Captioned web image data.
···

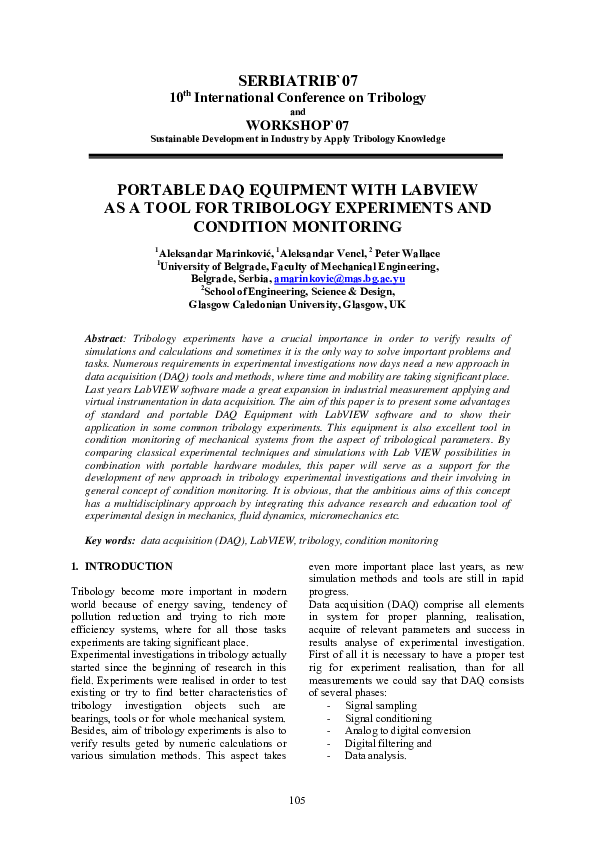 (PDF) Portable DAQ equipment with LabVIEW as a tool for tribology ...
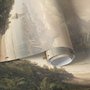 Landscape wallpaper mural with sepia coastal mountains, sailboat, beach figure and foreground tree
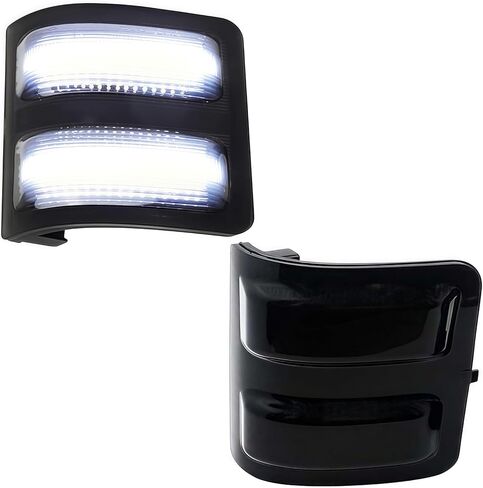 Switchback LED Side Mirror Marker Lights Compatible with 2008-2016 Ford F250 F350 F450 F550 Superduty Side Mirror Turn Signal Lights, Smoked Lens DRL Running Parking Tow 6000K White Lamp in Kuwait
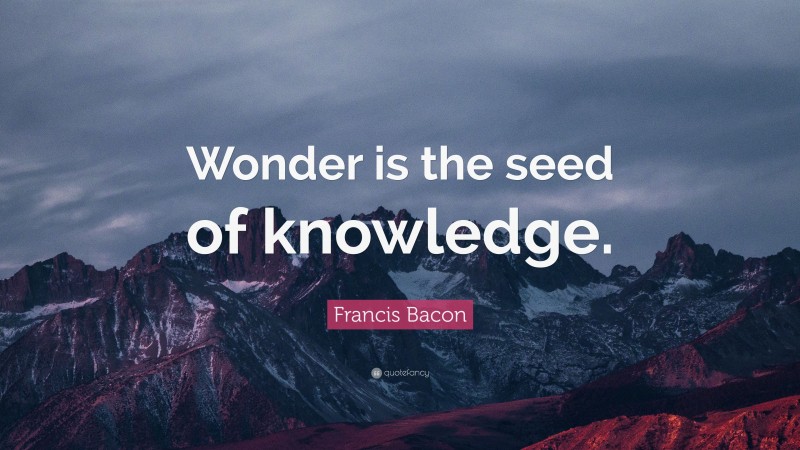 Francis Bacon Quote: “Wonder is the seed of knowledge.”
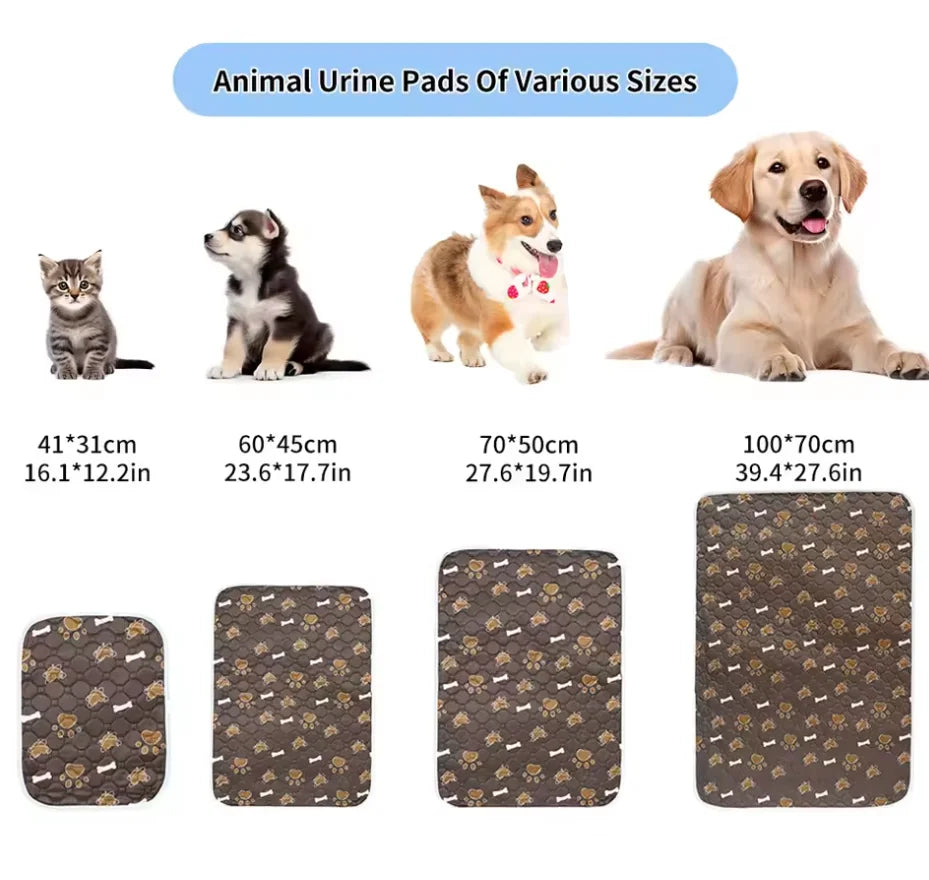 1pcs Cute Waterproof Pet Pee Pad Washable Puppy Training Pad Mat Reusable Anti-Slip Pee Pad Blanket Absorbent Diaper for Dog Cat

···

THE PROBLEM.
In your copy, repeat each record exactly and include no pictures.

EXPECTED ANSWER.
 (PDF) Portable DAQ equipment with LabVIEW as a tool for tribology ...
 Landscape wallpaper mural with sepia coastal mountains, sailboat, beach figure and foreground tree
 Switchback LED Side Mirror Marker Lights Compatible with 2008-2016 Ford F250 F350 F450 F550 Superduty Side Mirror Turn Signal Lights, Smoked Lens DRL Running Parking Tow 6000K White Lamp in Kuwait
 Francis Bacon Quote: “Wonder is the seed of knowledge.”
 1pcs Cute Waterproof Pet Pee Pad Washable Puppy Training Pad Mat Reusable Anti-Slip Pee Pad Blanket Absorbent Diaper for Dog Cat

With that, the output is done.